OLEH: YB Sigit Hutomo, Dosen Fakultas Ekonomi dan Bisnis Universitas Atma Jaya Yogyakarta

Berdasarkan data dari Direktorat Jenderal Pajak Kanwil Daerah Istimewa Yogyakarta, ada 67,68 wajib pajak orang pribadi dan ada 13,3 juta wajib pajak orang pribadi (19,65%) yang melaporkannya.

Dari jumlah yang melaporkan tersebut, yang membayar pajak hanya 11,65%. Demikian pula untuk wajib pajak badan, tercatat ada 4,52 juta terdaftar dan 24,34% di antaranya telah melaporkan SPT.

Namun dari yang melaporkan SPT tersebut hanya 66,55% yang telah membayar pajaknya. Hal ini memberikan gambaran bahwa kesadaran pajak masih cukup rendah.

Kemudahan dalam memenuhi kewajiban pajak pun terus ditingkatkan. Wajib pajak dapat melakukan pembayaran dan pelaporan pajak melalui HP atau komputer. Dengan teknologi informasi yang terus dikembangkan, fasilitas “djp online” memudahkan bagi wajib pajak memenuhi kewajiban bayar dan melaporkannya.

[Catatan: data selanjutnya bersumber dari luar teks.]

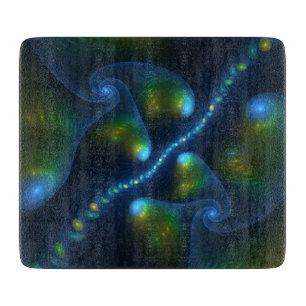 Tabla De Cortar Luces de fantasía Resumen Fractal amarillo verde a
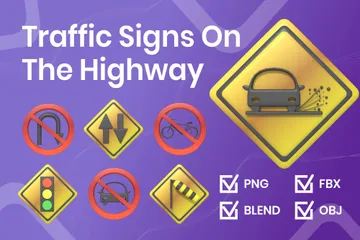 Traffic Signs On The Highway 3D Icon Pack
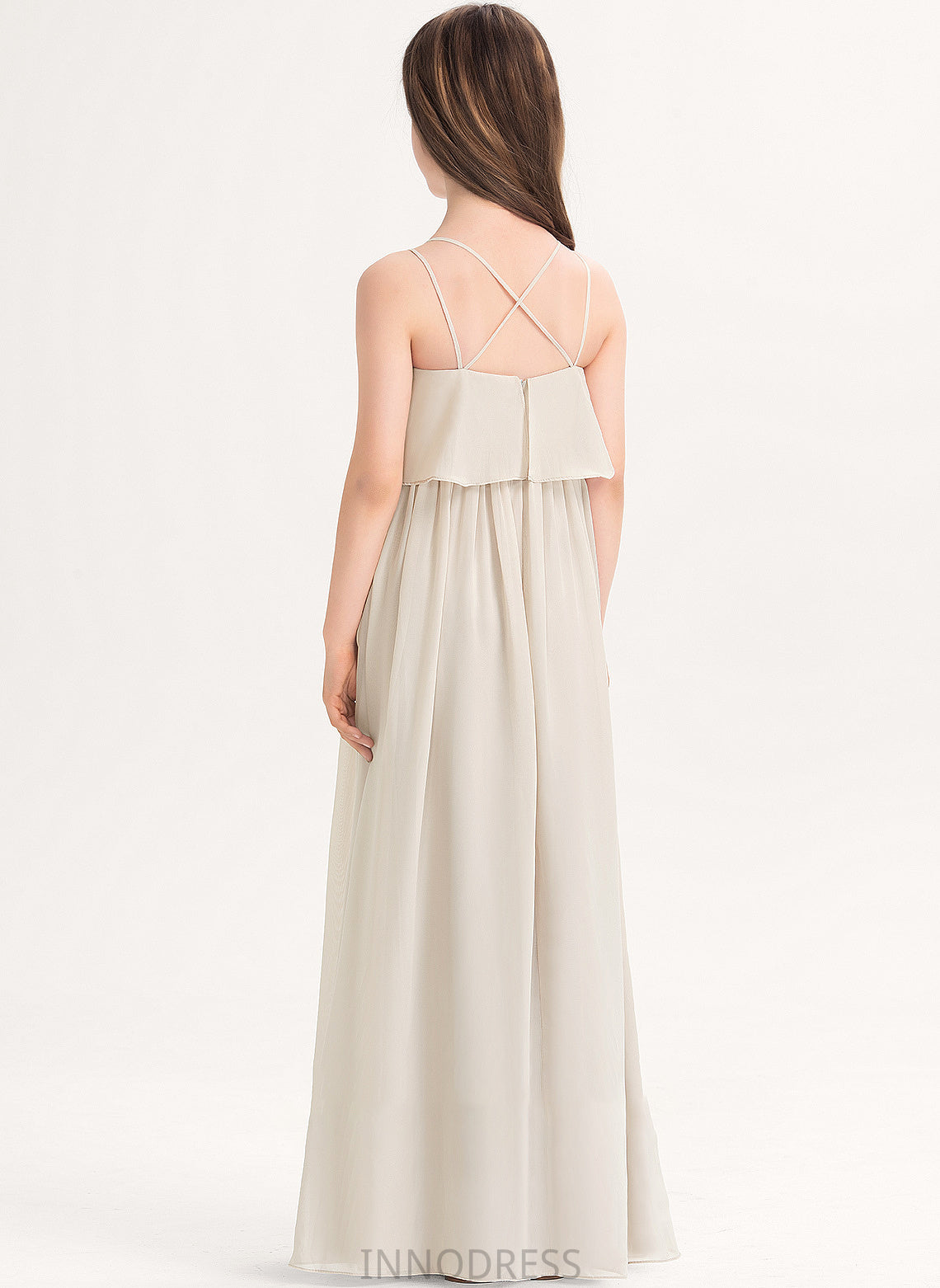 Kailee A-Line Junior Bridesmaid Dresses V-neck Floor-Length Chiffon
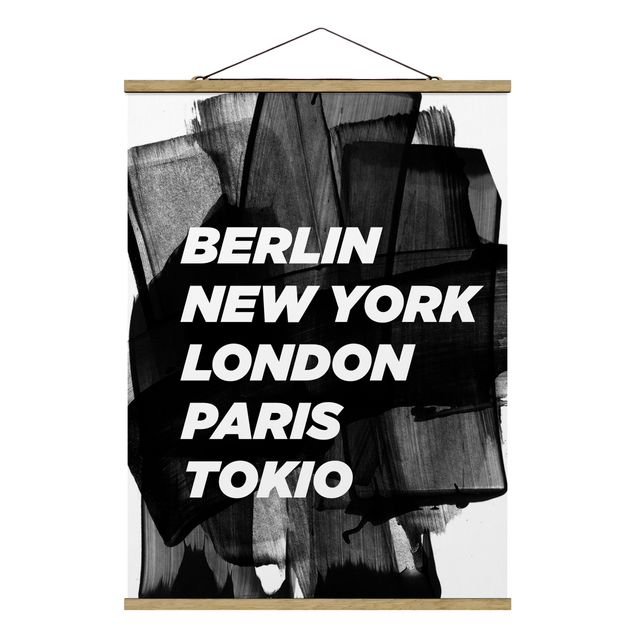 Fabric print with poster hangers - Berlin New York London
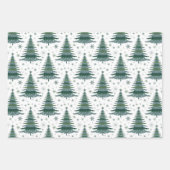 クリスマスツリーレッドグリーンパターンデザイン ラッピングペーパーシート (正面2)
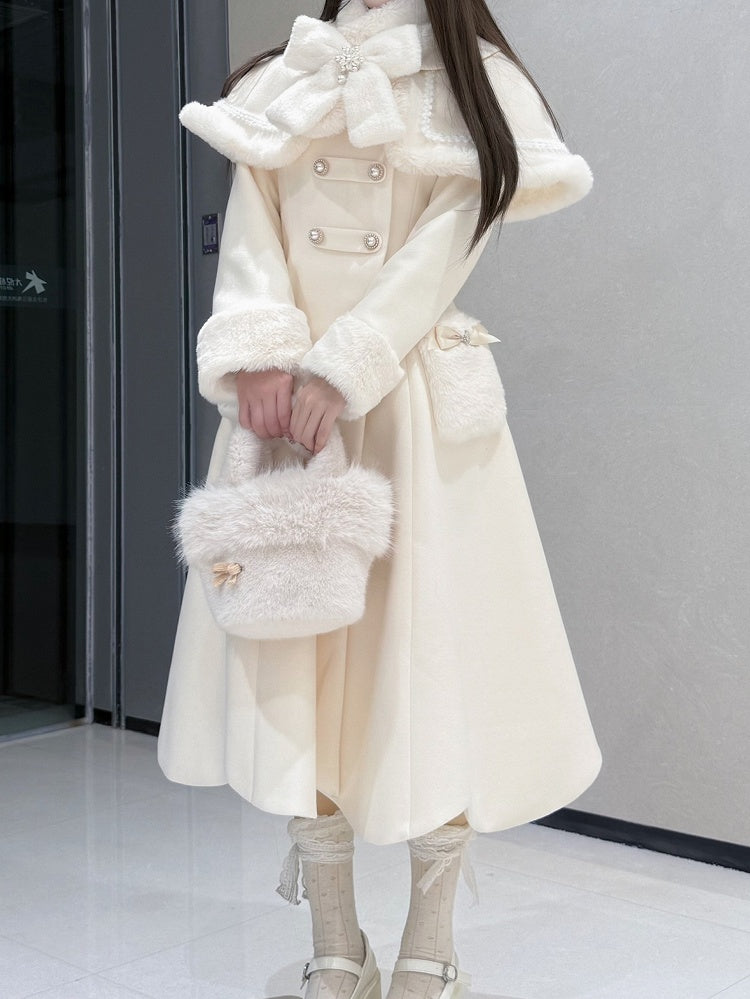 Apricot Cape Scalloped Edge Trim Lolita Coat with Plush Bowknot Scarf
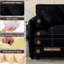 Fauteuil inclinable noir avec revêtement en chenille pour le salon. Siège profond, coussins à double couche, fauteuil surdimensionné, pièce ou chambre à coucher. Combinaison de bricolage, noir. Spacieux et confortable-1700251004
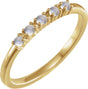 14K Gold Natural Rainbow Moonstone Cabochon Stackable Ring - Yellow Gold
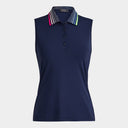 gfore-2023-womens-pleated-contrast-collar-silky-tech-nylon-sleeveless-polo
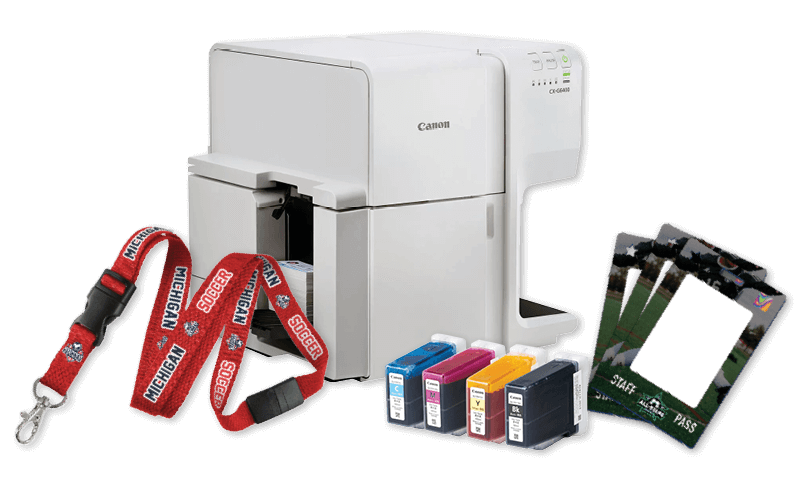 Event badge supplies (a Canon printer, red lanyard, ink ,and pre-printed card stock)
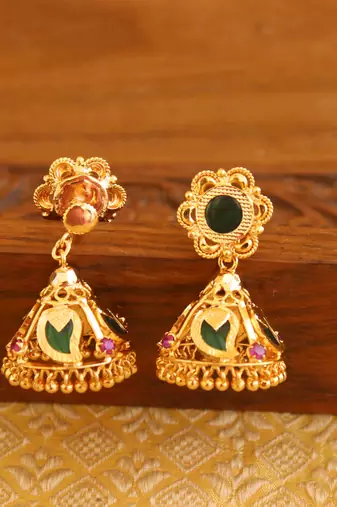 Kerala style gold plated palakka mango earrings
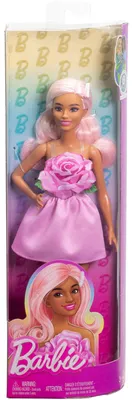 Produktbild von Barbie Fashionistas Puppe Nr. 238 in einem trägerlosen Rosenkleid, rosa Haare mit Spangenzubehör, Modepuppe, Weiblich, 3 Jahr(e), Junge/Mädchen, 127,5 mm, 174 g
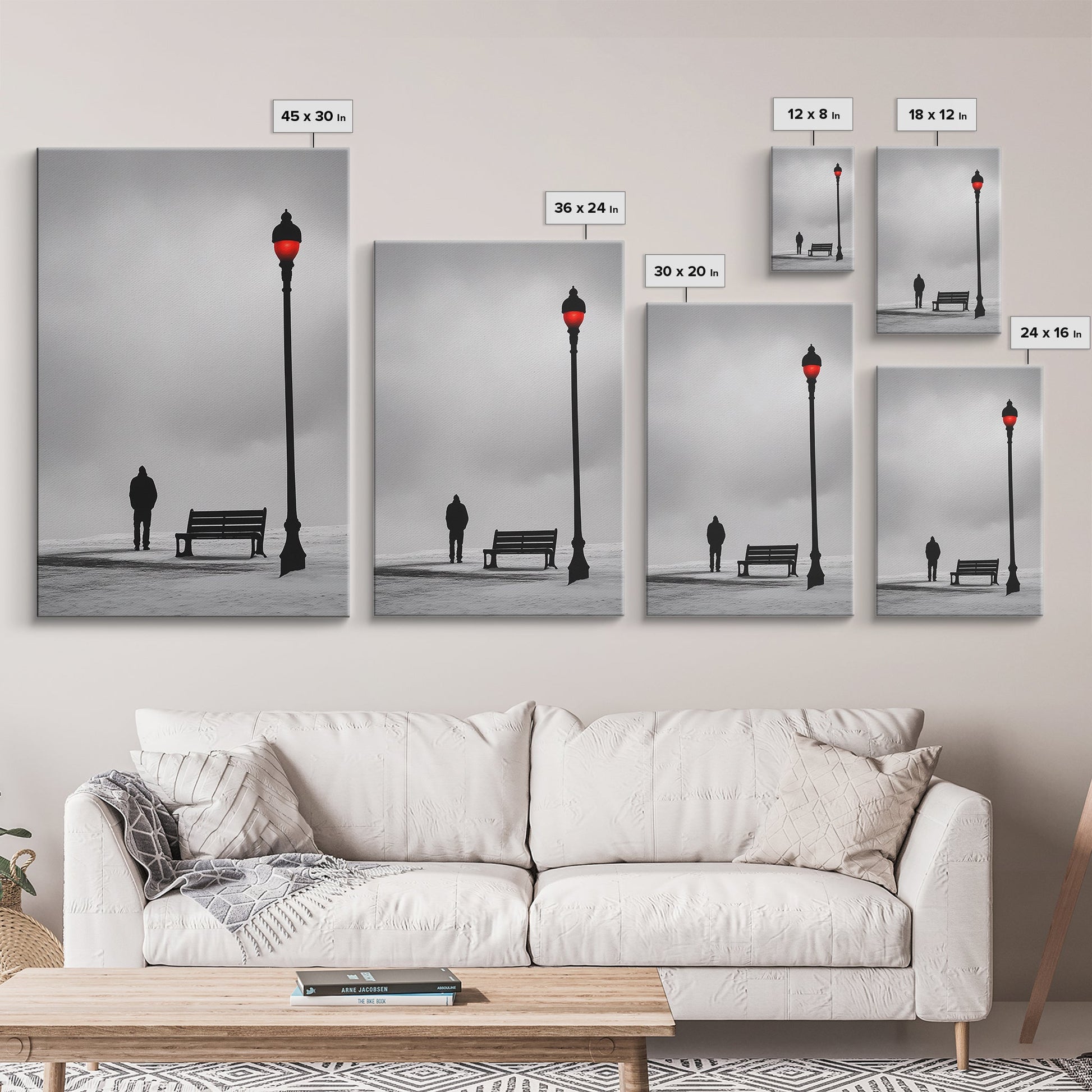 Red Street Lamp, Snowy Walkway, Silhouette Scene, Framed Canvas Print, Moody Wall Art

Dengan e-billing wajib pajak dapat menyetorkan pajaknya melalui bank terdekat dan e-spt sebagai sarana untuk melaporkan pajak yang telah dibayarkannya, dapat diakses melalui HP ataupun komputer.

Harmonisasi pajak penghasilan

Pemerintah sebetulnya terus memberikan perhatian kepada para pelaku Usaha Mikro, Kecil dan Menengah (UMKM) dalam upaya meningkatkan kepatuhan pajak. Sejak tahun 2013 pemerintah sudah tiga kali merevisi peraturan UMKM.

Dengan Peraturan Pemerintah No 43 tahun 2013, pemerintah memberlakukan pengenaan pajak penghasilan atas omzet atau hasil penjualan sebesar 1% dan bersifat final. Kebijakan ini kemudian direvisi dengan diterbitkannya Peraturan Pemerintah No 23 tahun 2018.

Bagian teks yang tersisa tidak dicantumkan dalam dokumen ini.